Tampoco tengo ningún problema en pedirle a un modelo de lenguaje que revise mis errores tipográficos, que me resuma documentos extensos o que me sugiera contrapuntos a un artículo que estoy escribiendo. Lo hago a menudo. Gracias a eso, cometo menos erratas, ahorro tiempo y puedo enriquecer mis argumentos. No lo hago siempre, pero lo hago cuando veo que tiene sentido. Y no me empobrece, sino todo lo contrario.

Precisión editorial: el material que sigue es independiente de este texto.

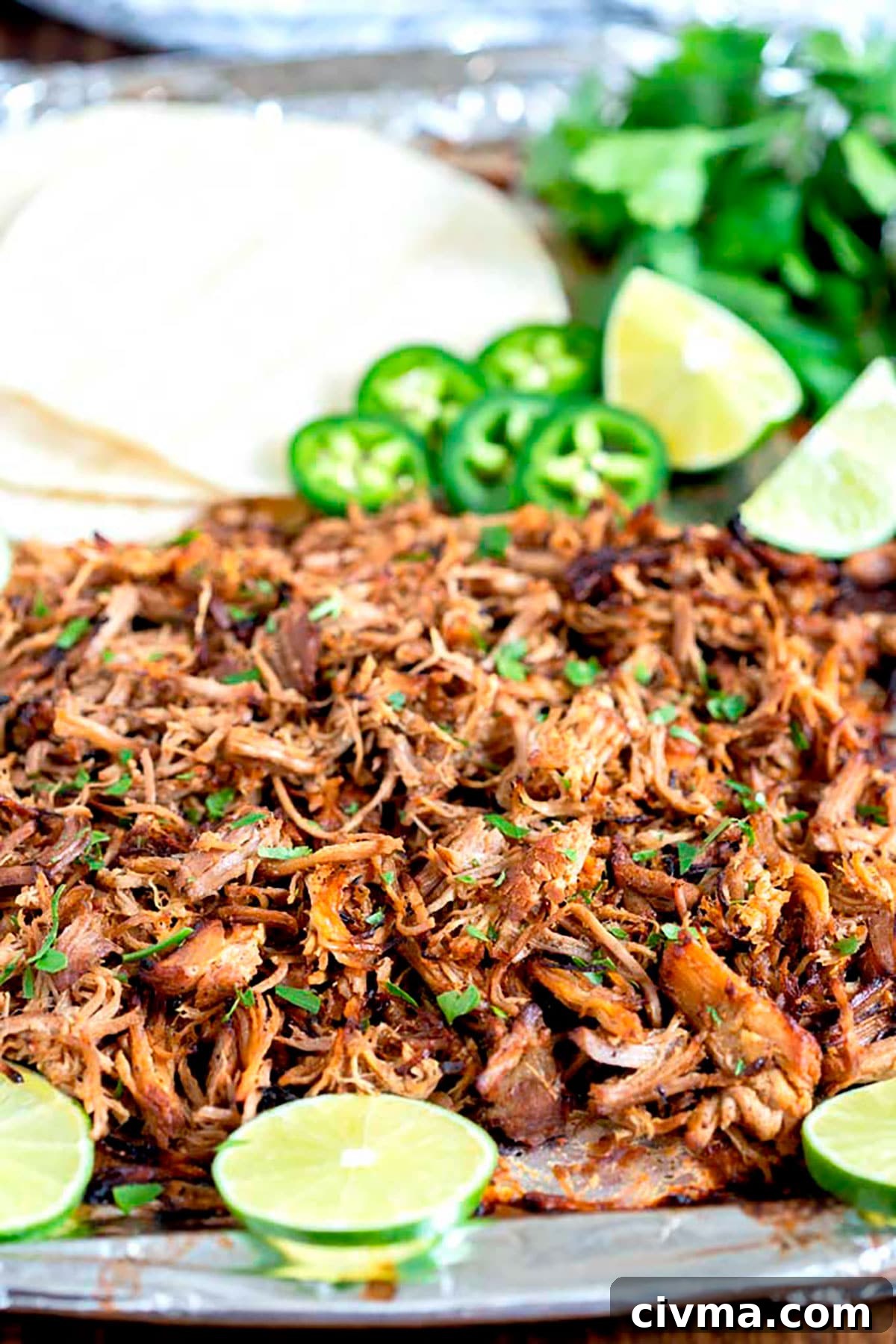 Crispy shredded pork carnitas on a sheet pan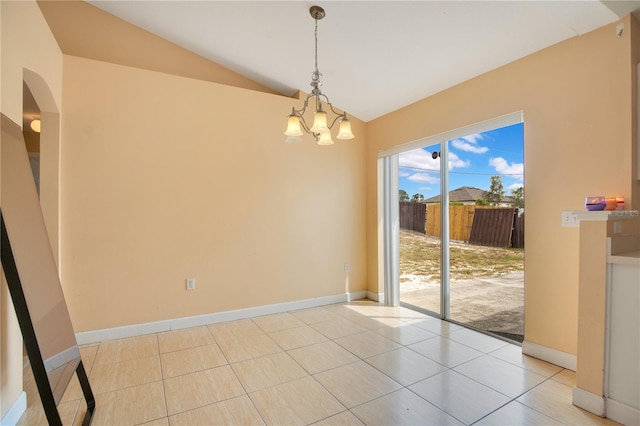 unfurnished room with light tile patterned floors, lofted ceiling, baseboards, and a notable chandelier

¿Podría ir más allá y pedirle a un modelo que escriba mis artículos? Por supuesto que sí. Bastaría con entrenarlo con mis textos, más de veintidós años de publicaciones como mínimo diarias, y obtendría una copia perfecta de mi estilo, mis estructuras y mis giros de lenguaje. Sería fácil, barato y, probablemente, el resultado sería indistinguible del original, o quién sabe, incluso mejor. Pero no lo hago, ni pienso hacerlo.

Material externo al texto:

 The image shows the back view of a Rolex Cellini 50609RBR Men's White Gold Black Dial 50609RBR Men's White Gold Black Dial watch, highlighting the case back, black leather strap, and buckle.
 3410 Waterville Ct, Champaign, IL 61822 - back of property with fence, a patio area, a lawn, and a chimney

¿Por qué? No por ningún tipo de reserva moral, sino porque escribir es lo que me define. Escribir es mi manera de aprender, de entender y de recordar. Si delego ese proceso en una máquina, estoy saboteando precisamente el mecanismo que sostiene mi propio conocimiento. Mis artículos no son sólo piezas de opinión: son mi método para pensar. De hecho, mi opinión es lo que menos importa en ellos. Lo he dicho miles de veces: fijaros menos en mi opinión, y más en los enlaces. Yo escribo para ordenar ideas, para fijarlas en la memoria, para poder explicarlas y discutirlas después en clase o en una conferencia. Si dejara de escribir por mí mismo, me volvería incapaz de defender mis argumentos, de responder a una pregunta en un debate o de recordar por qué pensé lo que escribí. Una inteligencia artificial podría hacerlo mejor en forma, pero jamás en propósito.

Esa relación deliberada con la tecnología es la que muchos parecen no entender. El problema no es la inteligencia artificial: el problema es no saber para qué la usamos. El Brennan Center for Justice
advertía recientemente que las políticas de «opt-out», renunciar por completo al uso de inteligencia artificial, crean más desigualdad que protección, porque quienes se niegan a aprender su funcionamiento tienden a quedar marginados en su entorno profesional. Lo mismo sugiere MIT Technology Review: evitar la inteligencia artificial no preserva el pensamiento crítico, sino que reduce la capacidad cognitiva frente a quienes aprenden a usarla con criterio.

La investigación empírica lo confirma. Según un estudio de junio de 2024, la dependencia excesiva de sistemas conversacionales puede erosionar habilidades cognitivas en estudiantes, pero el uso estratégico de esas herramientas, como apoyo y no como sustituto, fortalece la comprensión y la creatividad. En el futuro, todo el aprendizaje de hard skills será impartido por sistemas agénticos y modelos generativos, que te los explicarán tantas veces como haga falta, 24×7, sin fatiga, y con el formato que mejor se adapte a tu manera de aprender. De modo que el problema, como siempre, no es la herramienta, sino cómo se usa.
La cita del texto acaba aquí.